Noob with Work Sharp Ken Onion edition sharpener

Joined
Mar 9, 2021
Messages
3
Hi all,

I recently got the WSKOE and I'm struggling. I've been using a Chef's Choice 300 electric sharpener for years so all my knives are trained to whatever angle that uses - I can't find any info on that unit's angle.

So I'm using 20deg as suggested and for the life of me, I can't get a burr. I can get the knife sharp where it cuts through paper well, but when I slice veggies, it doesn't cut as well as I'd expect.

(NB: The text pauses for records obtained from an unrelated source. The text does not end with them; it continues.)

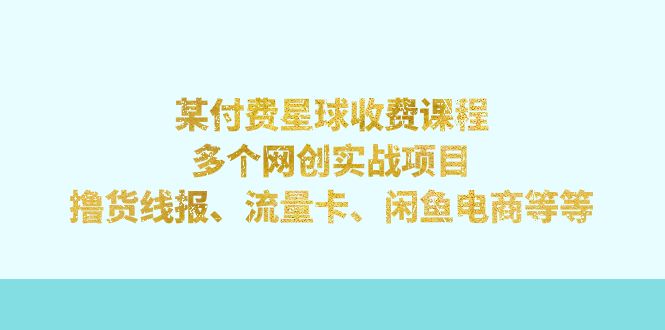 某付费星球课程：多个网创实战项目，撸货线报、流量卡、闲鱼电商等等 图片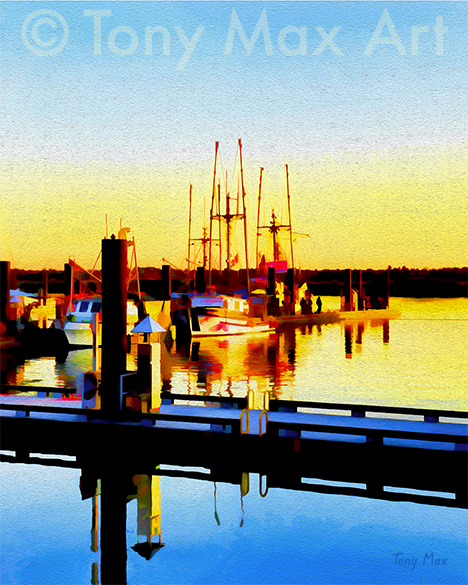 "Steveston Marina – Waning Light – Vertical" - paintings of Vancouver by Canadian artist Tony Max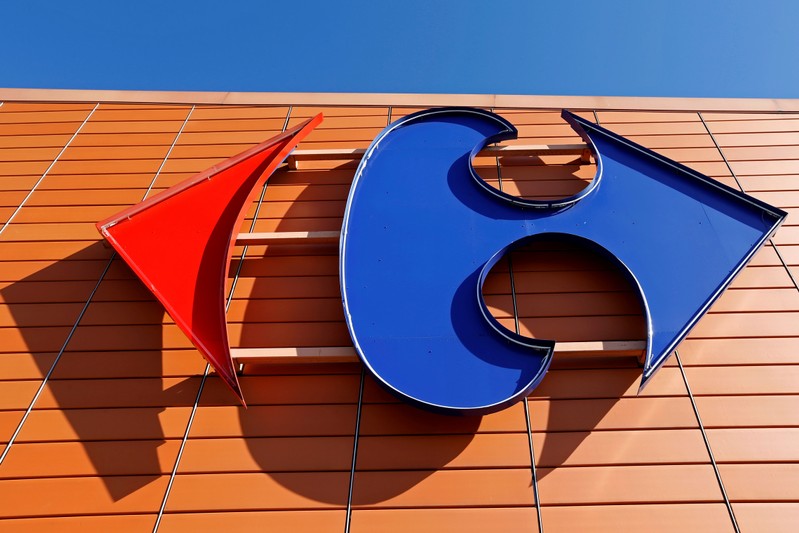 FILE PHOTO: A Carrefour logo is seen on a Carrefour Hypermarket store in Toulouse
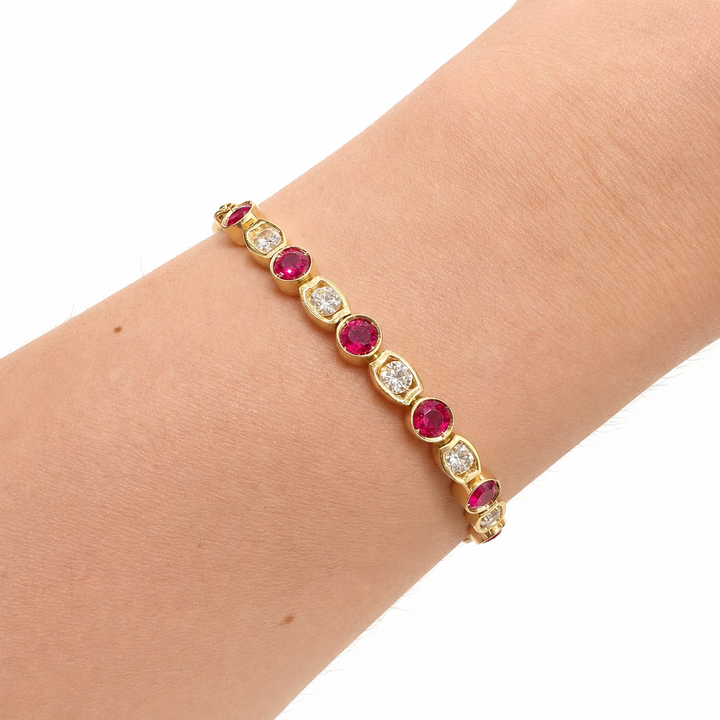18k Yellow Bezel Set Ruby Estate Bracelet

I've run my knife through the second coarsest strap a ton of times to get the burr to no avail. Should I use the more coarse belt? Or change the angle?

Thanks in advance!
 
I would take a.knife that I wouldn't mind trashing. And keep on a coarse grit until you get a bur on one side. Repeat on the other side. Finer grits create much smaller burs. So taking a knife to a higher grit will make it easier to get rid of the bur. It's a learning curve like anything else.
 
There could also be other issues with the knife's design inhibiting its performance as a kitchen knife what is the knife(or knives) you're trying to sharpen on it?
 
There could also be other issues with the knife's design inhibiting its performance as a kitchen knife what is the knife(or knives) you're trying to sharpen on it?

I figured I would do all the knives since I got the WSKO. My chef's knife is 8" and lower quality. I don't even remember where I got it or how old it is. I'm willing to use that one as my guinea pig. I have some "decent" knives that are either Wustoff or Henkel. Nothing too expensive, probably got them at Bed Bath and Beyond, lol. Of those, there's a 6" suntoku, a 6" that's like a chef's knife just smaller, and a 4" pairing knife. I have a Dexter boning knife that's cheap, but had good reviews.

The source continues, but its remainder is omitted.